*** MATERIAL PROVIDED Section Begins ***

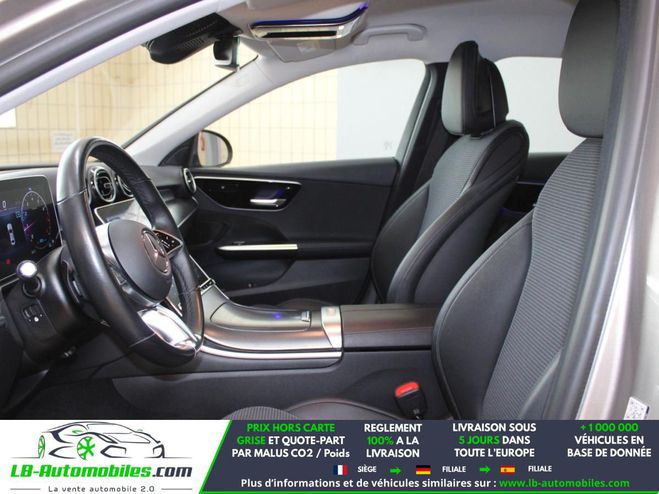 Mercedes Classe C 200 BVA Argent� M�tallique de 2022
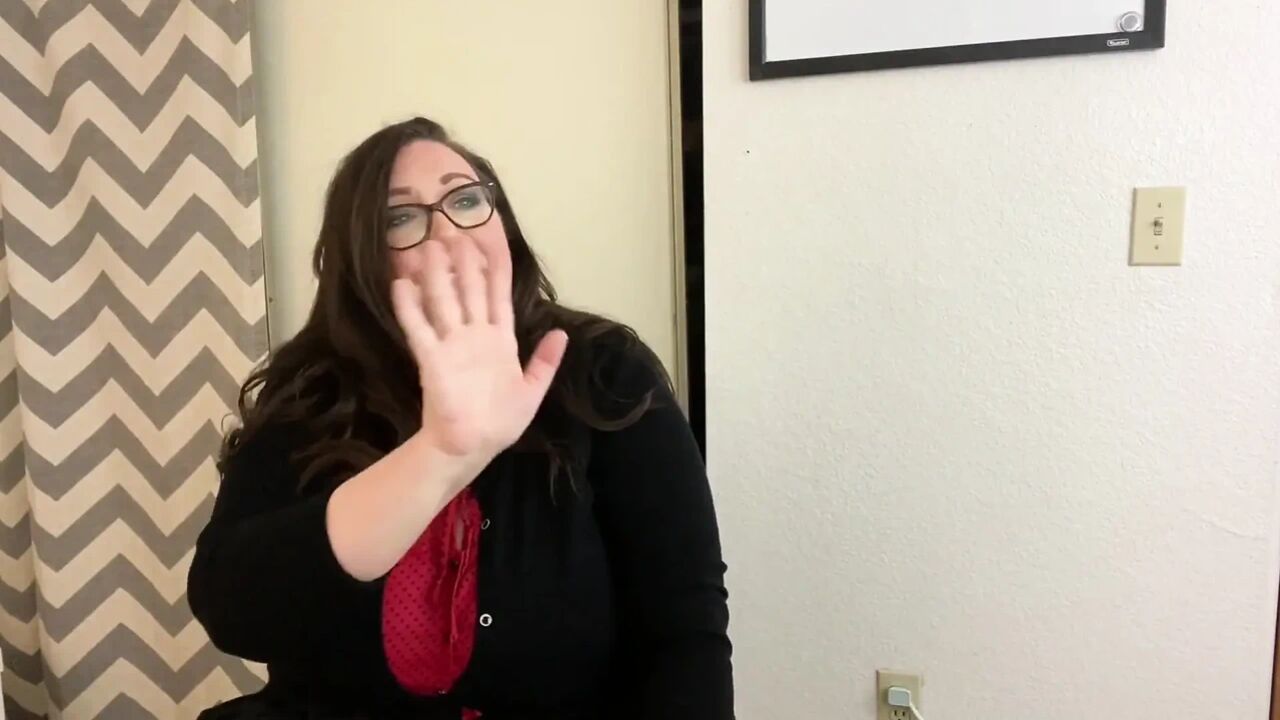 Giant teacher's giant tits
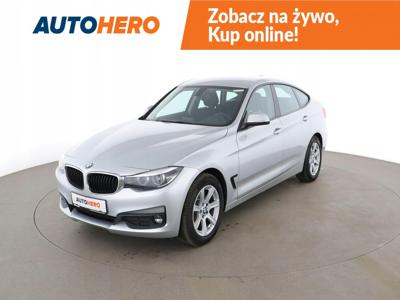 BMW Seria 3 F30-F31-F34 Limuzyna Facelifting 2.0 318d 150KM 2017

*** MATERIAL PROVIDED Section Ends ***

> _TO DO_
Return an exact copy of the data above, apart from any pictures.

> _OUTPUT BELOW_
 Mercedes Classe C 200 BVA Argent� M�tallique de 2022
 Giant teacher's giant tits
 BMW Seria 3 F30-F31-F34 Limuzyna Facelifting 2.0 318d 150KM 2017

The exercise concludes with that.